A la fecha, el Gobierno no ha implementado ninguna medida orientada a la superación de la pobreza ni a la justicia social. Como alertó la Conferencia Episcopal de El Salvador en un comunicado a propósito del bicentenario, estamos ante “un nuevo status quo fundamentado en acciones contrarias al derecho y la justicia, cuyos frutos en consecuencia no serían en beneficio para nuestro amado país”.
La conmemoración de los 200 años de independencia coincide con la hora más crítica de la presente administración debido a su descrédito ante la comunidad internacional y al creciente descontento social. Cuando se cierran las puertas a la justicia y se vuelve imposible recurrir a la institucionalidad para contrarrestar los abusos de poder y la violación a la ley, la población busca la manera de hacerse escuchar, tal como sucedió con la multitudinaria marcha ciudadana del 15 de septiembre. Atribuir las expresiones de descontento a actores extranjeros o a la ignorancia de la gente va contra el sentir popular, es una muestra más de que se gobierna de espaldas a la población y la realidad.

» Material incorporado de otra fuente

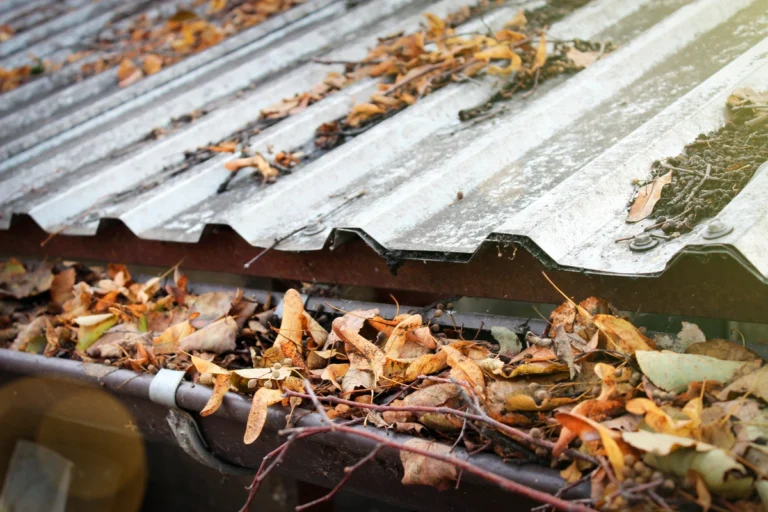 branches and leaves in gutter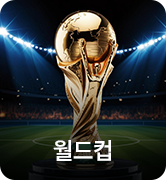 월드컵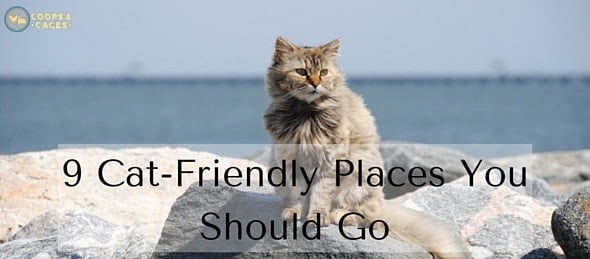 9 Cat-Friendly Places You Should Go-feature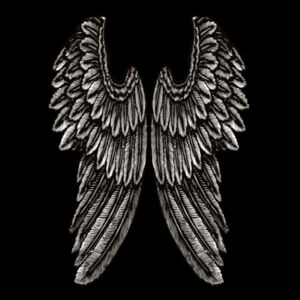 Angel Wings - Mens Barnard Organic Tank Design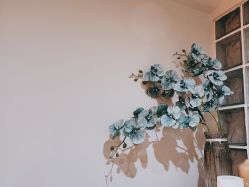 -雪儿·YuKi美甲美睫皮肤管理Salon
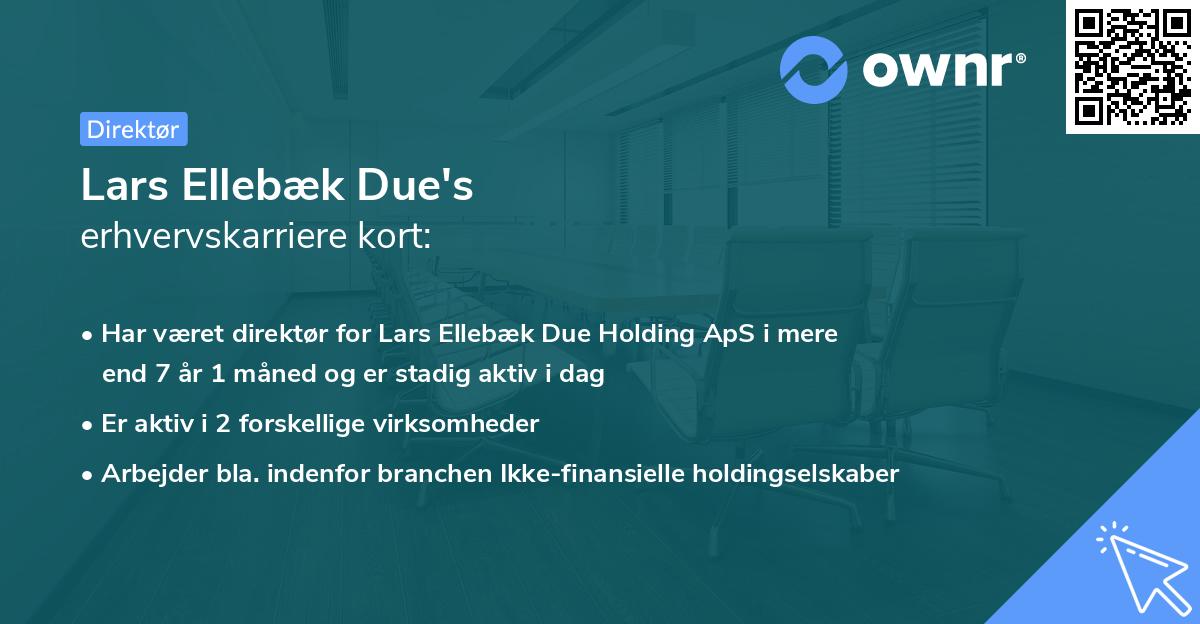 Lars Ellebæk Due's erhvervskarriere kort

El inicio de un nuevo siglo de independencia debería aprovecharse para emprender un proyecto que rompa con la exclusión, la desigualdad y la corrupción, no solo para cambiar los protagonistas de esas dinámicas. Un proyecto que beneficie a las mayorías y que tenga al pueblo como su verdadero protagonista; que construya el destino de la nación a través de un sistema en verdad democrático; y que garantice el pleno goce de los derechos humanos de todos y cada uno de los salvadoreños.